I'm looking for a nice plant that will "carpet" the bottom of my tank. Is there a recommended WPG for these type of plants? Any recommendations on an easy one to maintain?


----------



## Ghost Knife (Mar 12, 2008)

I have been wanting the same type of plant to cover the gravel, but I can't seem to find any. Maybe there's some seeds you can buy online and plant or something like that.


----------



## gil_ong (Apr 15, 2008)

i got some HM from JOM a while abck. killed them when i nuked my tank for snails. they did pretty good. needs moderate light.

i'd spring for some HC is i had more light.


----------



## fishboy23 (Feb 18, 2006)

There are a number of carpeting plants available, but options are limited at low WPG ratings. As mentioned above, HM (Hemianthus...long name with an M  ) and HC (H. Callitrichoides) are both good carpeting plants, HC the more demanding of the two.
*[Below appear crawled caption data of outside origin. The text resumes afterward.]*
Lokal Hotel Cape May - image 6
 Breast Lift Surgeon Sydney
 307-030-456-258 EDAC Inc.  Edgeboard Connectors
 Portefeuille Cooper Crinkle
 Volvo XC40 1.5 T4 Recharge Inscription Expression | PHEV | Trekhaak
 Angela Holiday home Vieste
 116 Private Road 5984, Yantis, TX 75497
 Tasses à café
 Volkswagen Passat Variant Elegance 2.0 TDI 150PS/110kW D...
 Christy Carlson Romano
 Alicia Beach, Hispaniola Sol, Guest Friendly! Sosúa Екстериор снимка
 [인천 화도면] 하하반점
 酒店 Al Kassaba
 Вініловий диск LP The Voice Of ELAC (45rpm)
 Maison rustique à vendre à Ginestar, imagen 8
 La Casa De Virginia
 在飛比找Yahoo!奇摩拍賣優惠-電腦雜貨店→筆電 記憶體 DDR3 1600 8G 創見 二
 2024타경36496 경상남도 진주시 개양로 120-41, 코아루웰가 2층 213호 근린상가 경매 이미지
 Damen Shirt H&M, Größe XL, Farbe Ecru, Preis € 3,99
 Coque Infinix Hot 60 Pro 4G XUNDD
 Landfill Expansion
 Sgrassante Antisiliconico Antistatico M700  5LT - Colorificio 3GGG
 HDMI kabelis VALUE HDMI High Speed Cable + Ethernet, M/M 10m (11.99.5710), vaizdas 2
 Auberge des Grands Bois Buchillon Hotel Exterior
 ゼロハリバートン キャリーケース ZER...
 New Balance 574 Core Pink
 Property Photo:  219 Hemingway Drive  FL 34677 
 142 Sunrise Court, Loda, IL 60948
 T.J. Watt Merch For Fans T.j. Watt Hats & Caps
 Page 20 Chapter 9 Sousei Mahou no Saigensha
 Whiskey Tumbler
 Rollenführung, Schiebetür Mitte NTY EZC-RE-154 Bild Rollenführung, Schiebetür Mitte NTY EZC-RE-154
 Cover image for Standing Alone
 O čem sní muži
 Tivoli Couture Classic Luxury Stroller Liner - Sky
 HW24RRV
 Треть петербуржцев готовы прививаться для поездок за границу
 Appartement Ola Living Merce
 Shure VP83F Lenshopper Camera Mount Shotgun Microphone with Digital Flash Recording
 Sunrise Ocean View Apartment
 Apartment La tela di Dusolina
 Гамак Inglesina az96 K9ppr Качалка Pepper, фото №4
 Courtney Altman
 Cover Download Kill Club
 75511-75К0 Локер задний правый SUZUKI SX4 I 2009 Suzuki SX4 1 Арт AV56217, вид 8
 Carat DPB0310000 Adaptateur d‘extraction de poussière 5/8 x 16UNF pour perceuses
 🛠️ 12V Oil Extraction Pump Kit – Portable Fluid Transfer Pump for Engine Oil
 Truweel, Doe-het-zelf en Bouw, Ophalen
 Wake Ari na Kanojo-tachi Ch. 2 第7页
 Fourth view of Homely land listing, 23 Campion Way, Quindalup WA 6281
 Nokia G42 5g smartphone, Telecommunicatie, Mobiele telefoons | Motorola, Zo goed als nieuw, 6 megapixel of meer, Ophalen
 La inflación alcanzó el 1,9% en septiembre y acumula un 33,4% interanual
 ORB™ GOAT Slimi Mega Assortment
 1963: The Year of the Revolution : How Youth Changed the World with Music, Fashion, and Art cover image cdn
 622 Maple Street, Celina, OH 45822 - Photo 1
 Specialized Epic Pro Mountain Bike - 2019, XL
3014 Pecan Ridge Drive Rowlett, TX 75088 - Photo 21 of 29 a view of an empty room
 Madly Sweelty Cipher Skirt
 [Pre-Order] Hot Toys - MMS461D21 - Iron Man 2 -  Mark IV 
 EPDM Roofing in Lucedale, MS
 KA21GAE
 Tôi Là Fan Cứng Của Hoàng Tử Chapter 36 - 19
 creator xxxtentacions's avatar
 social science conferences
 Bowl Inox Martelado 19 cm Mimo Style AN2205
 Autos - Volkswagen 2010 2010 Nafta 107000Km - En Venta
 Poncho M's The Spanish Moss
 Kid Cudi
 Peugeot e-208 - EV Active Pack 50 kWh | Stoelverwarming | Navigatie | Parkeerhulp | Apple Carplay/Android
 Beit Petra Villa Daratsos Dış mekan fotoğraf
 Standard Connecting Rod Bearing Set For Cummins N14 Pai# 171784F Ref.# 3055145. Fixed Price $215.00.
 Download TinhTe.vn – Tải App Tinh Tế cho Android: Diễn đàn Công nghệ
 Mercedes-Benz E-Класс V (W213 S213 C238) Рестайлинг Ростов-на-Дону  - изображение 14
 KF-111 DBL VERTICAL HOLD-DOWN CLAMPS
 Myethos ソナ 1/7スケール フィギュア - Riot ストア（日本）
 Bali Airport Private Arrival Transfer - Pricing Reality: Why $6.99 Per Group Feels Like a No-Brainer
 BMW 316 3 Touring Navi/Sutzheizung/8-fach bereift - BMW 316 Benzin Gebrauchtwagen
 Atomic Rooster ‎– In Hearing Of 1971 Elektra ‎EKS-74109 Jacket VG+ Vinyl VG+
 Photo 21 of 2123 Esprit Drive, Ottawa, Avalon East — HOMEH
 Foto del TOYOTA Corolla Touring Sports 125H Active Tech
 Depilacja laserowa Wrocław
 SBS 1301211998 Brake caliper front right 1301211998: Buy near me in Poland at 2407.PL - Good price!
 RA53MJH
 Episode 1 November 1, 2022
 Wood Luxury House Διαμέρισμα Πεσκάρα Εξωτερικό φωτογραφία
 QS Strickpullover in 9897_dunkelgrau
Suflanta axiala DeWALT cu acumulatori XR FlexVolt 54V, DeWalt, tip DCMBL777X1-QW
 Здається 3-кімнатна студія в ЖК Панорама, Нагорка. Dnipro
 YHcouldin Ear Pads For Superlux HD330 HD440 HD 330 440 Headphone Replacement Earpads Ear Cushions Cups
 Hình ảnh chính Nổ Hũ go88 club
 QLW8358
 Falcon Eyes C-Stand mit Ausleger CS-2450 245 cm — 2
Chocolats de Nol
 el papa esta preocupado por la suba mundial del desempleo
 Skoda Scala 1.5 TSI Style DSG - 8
HM probably looking about 2-2.5 WPG. 
Marselia species (particulary minuta) are unique carpeting plants that I personally think look interesting, may be worth a try if you're going for a unique look. 
Echinodorus tennelus, the dwarf chain sword, is probably the most popular "carpeting" plant, but can grow fairly high (6", maybe up to 8") in low light (~2WPG) but will stay as low as 2" in high light (3.5-4 WPG). 
Another one, that I actually have been doing well with lately, is what I got as "dwarf sagittaria" (dwarf sag), which for me is staying about in inch tall and spreading runners, thickening nicely. 
Another plant I had that did OK till I messed around with it, was dwarf hairgrass (Eleocharis sp.). Looks a little more grassy than dwarf sag or tennelus, but a neat plant. I'd like to get a hold of some again, actually.
These are pretty much your basic carpeting plants. For those with bigger wallets and more WPG (3-3.5WPG+), oddball things like Rotala "Goias", Ranunculus Inundatus, or even downoi. 
Hope that helps.


----------



## Cacatuoides (Feb 2, 2009)

It helped me for sure!


----------



## gil_ong (Apr 15, 2008)

great info, fishboy. i'll be sure to refer back to this thread when i'm ready for some ground cover again.

one problem i did encounter when i had HM was vacuuming when doing a water change. can't seem to really clean out the gravel under the ground cover well. and having shrimp just complicates matters even more. they just don't seem to know to get out of the way.


----------